Endeavour Energy has launched its SolarSaver program this week to trial the use of home batteries matched with solar systems to reduce peak demand and help customers cut their power bill.
“Endeavour Energy SolarSaver uses the electricity stored in home batteries to meet the energy needs of customers at times of peak demand,” Endeavour Energy asset management general manager Ty Christopher said.
“Demand for electricity from our network can increase by up to 50 per cent as temperatures in Western Sydney hit 38°C and customers turn on their air conditioners to escape the heat.
“We want to understand how batteries can offset the strain on our network at these peak times and avoid investment in additional capacity used for just a few days each year.
“This will potentially deliver a win-win for both customers and our business by keeping costs down in the future.”
Forty homeowners across Acacia Gardens, Glenwood, Kellyville, Parklea, Quakers Hill and Stanhope Gardens with grid-connected solar systems had been selected to receive an incentive to install a home battery to participate in the program.
“We want to understand how much demand can be reduced from home batteries and the customer benefits of offering this capability within our network,” Mr Christopher said.

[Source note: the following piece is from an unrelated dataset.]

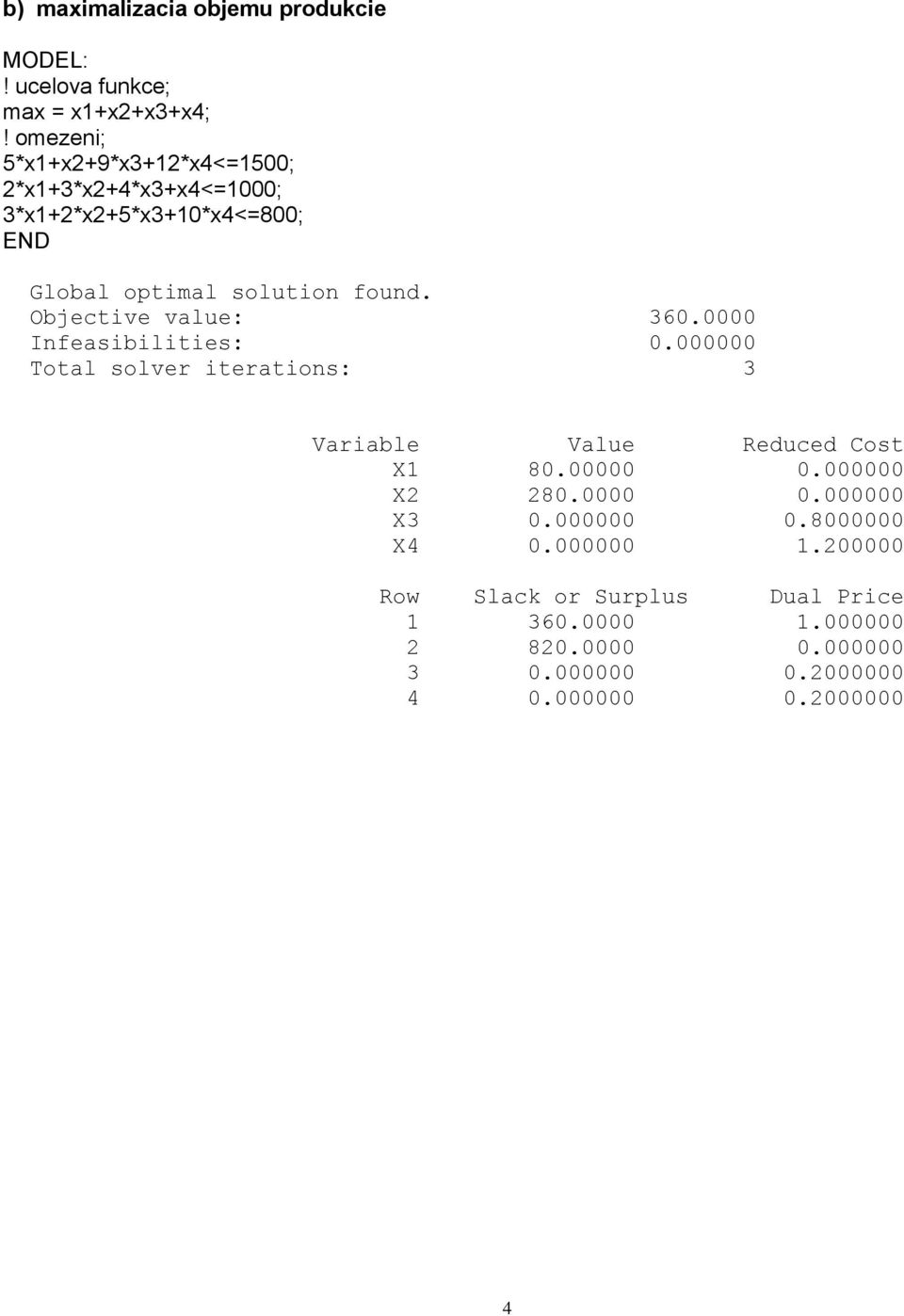 0000 Total solver iterations: 3 X1 80.00000 0.000000 X2 280.0000 0.000000 X3 0.000000 0.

Endeavour Energy will remotely control the charging and discharging of the batteries up to 12 times per summer and winter on some of the hottest and coldest days of the year.
Outside these days, participating customers can freely use the battery to maximise their use of their solar systems to offset the energy purchased from the grid and lower their electricity bills.
Saving money on her electricity bills was a key reason Parklea resident Mrs Maria Evangelista chose to join the Endeavour Energy SolarSaver program.
Endeavour Energy will collect energy data from the battery and solar systems until March 31, 2019.
“With more than 100,000 homes with grid-connected solar systems, and residential battery technology rapidly evolving, the results of this program will help inform our future network investment strategy,” Mr Christopher said.
“The data collected will help us design a network where the customer decides the technology and investment used to power their home.”